Message Retention Policy Framework

  A lot of sites will want explicit policies regarding what mail may
  not be deleted, what may be deleted, and what must be deleted. We
  can support that well.


C/R

  C/R sucks. But it has its uses, so we can benefit from implementing
  it somehow. Here are some classes of messages we may want to treat
  specially:

  - replies to own mail
  - messages in languages not understood by the user
  - mail from previously unknown addresses
  - mail from freemail providers
  - vacation responses from unknowns
  - messages likely, but not certain to be out-of-office-autoreply
  - dkim/mass-signed messages (if verified)

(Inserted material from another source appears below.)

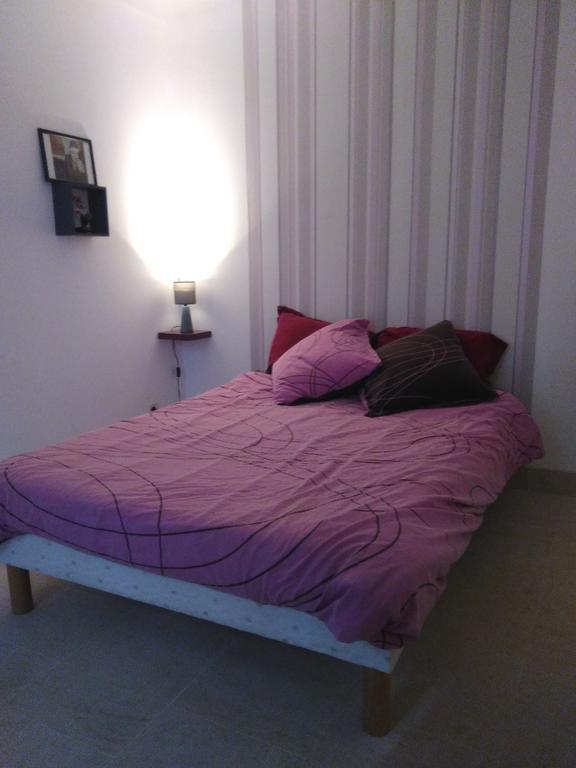 Bed and Breakfast Le Betrot Estissac Экстерьер фото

  The questions are: How can we ensure that we almost never challenge
  real mail, while simultaneously challenging most/all messages that
  don't come from valid senders? How can we provide suitable
  configuration?


Allocator

  The binary tree used in Allocator is likely to be extremely
  unbalanced sometimes, perhaps often. Using a Patricia tree will work
  well.


Using rrdtool

  What could we want to graph with rrdtool? Lots.

  - CPU seconds used
  - database size
  - messages in the db
  - average response time
  - 95th percentile response time
  - messages per user
  - message size per user
  - average query execution time
  - average query queue size

  More?

  http://jwatt.org/svg/authoring/ is interesting for generating graphs
  via the web interface.


Box features

  1. web ui to set up view mailboxes (and to search the archive
     generally)

  2. web ui to configure sieve

  3. web administration, to add users, etc.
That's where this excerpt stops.